The virus is defeated? Now it’s growing exponentially in my area among the meat processing facilities (the south). Meat and many food prices are soaring. It doesn’t feel like a hoax. Race riots increasing in the streets speaking of reality.
In more ways than one, BL. we are on the same page.
Viewing the current street turmoil as “race riots” is a major part of the problem.
At least the rioters are throwing new bricks through windows to goose GDP!

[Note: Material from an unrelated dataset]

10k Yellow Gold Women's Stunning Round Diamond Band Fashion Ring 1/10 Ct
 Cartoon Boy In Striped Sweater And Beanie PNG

BLS folks will appreciate their thoughtfulness!
It will make their job of manipulating the GDP numbers so much easier!
LA is a virus hot spot which may reflect it’s tepid recovery to this point.
LAs virus mortality rates per population is low. A percentage increase of a small number is still a small number. The MSM loves to create fear with the “hotspot”, but that is false.
The Northeast and upper MidWest have high mortality rates per population. While those areas are seing decreases, their numbers are still high. My bet is the weather is warming in the Northeast and MidWest so their numbers are decreasing. However, LA always has warm weather, so the number never got high.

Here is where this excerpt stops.